2) Update β with Metropolis-Hastings proposing β' (e.g., log-normal random walk) targeting p(β|y) ∝ β^{-1}(4+β)^{-50}.
Posterior predictive for day 5 for store i: simulate λ_i^{(s)} from posterior draws and then simulate y_{i,5}^{(s)} ∼ Poisson(λ_i^{(s)}) to get predictive samples. From these, compute predictive mean and credible intervals.
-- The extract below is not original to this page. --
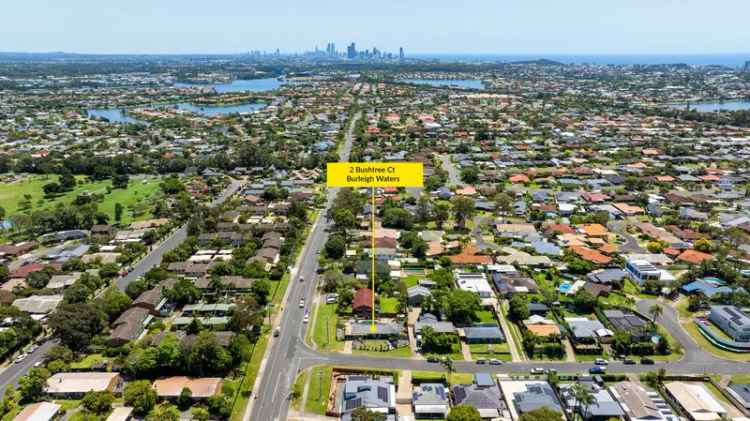 Family Home in Burleigh Waters on Spacious 622m2 Corner Block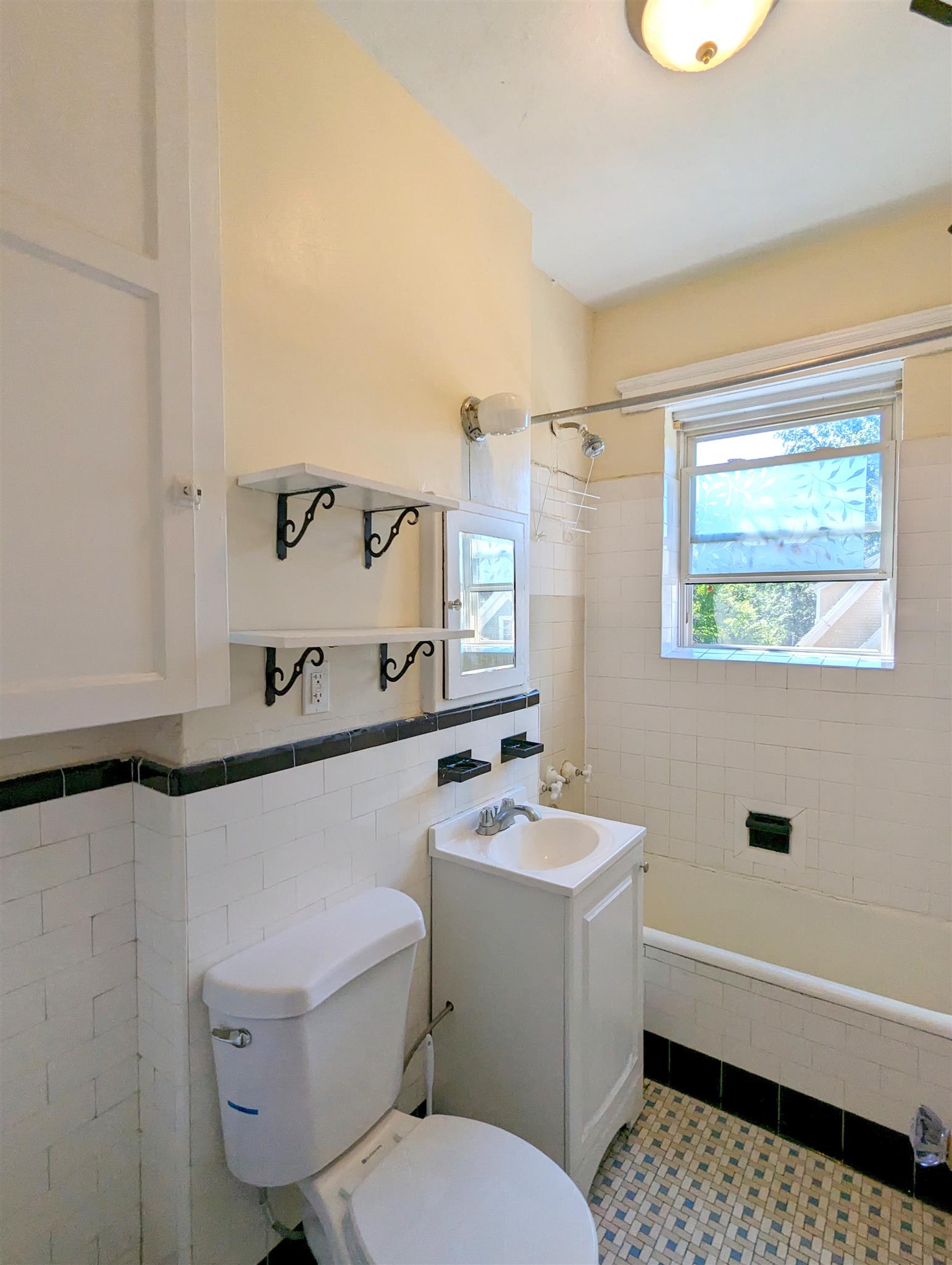 10 Wendell St, Baldwin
Looking back: This lesson builds directly on the prerequisites. From State-Space Models we used the Kalman filter and smoothing for conditional latent-state inference and built predictive formulas for linear-Gaussian models; the FFBS sampler and forward propagation are direct descendants of those algorithms. From Hierarchical Bayesian Models we used partial pooling to borrow strength across series via hierarchical priors on rates or regression coefficients. From Conjugate Priors we exploited Gamma-Poisson and Normal-Inverse-Gamma conjugacy to derive closed-form posterior predictives (Negative Binomial and Student-t), which serve as both computational shortcuts and diagnostic checks. Looking forward: mastering Bayesian forecasting enables rigorous downstream tasks — stochastic inventory optimization (newsvendor and multi-period ordering), Bayesian decision analysis for promotions and pricing, probabilistic supply chain simulation, causal impact evaluation with state-space counterfactuals, and automated model combination (stacking) pipelines in production. Specific downstream methods that rely on these techniques include probabilistic machine learning methods for hierarchical time series (forecast reconciliation with Bayesian priors), sequential decision making under uncertainty (POMDPs), and Bayesian experimental design for pricing or promotion trials where posterior predictive simulations guide sample-size planning. Practical deployment often requires combining these inferential foundations with computational tools: particle filtering for online updates, variational inference or amortized MCMC for scaling to thousands of series, and robust predictive scoring and calibration routines for continual monitoring.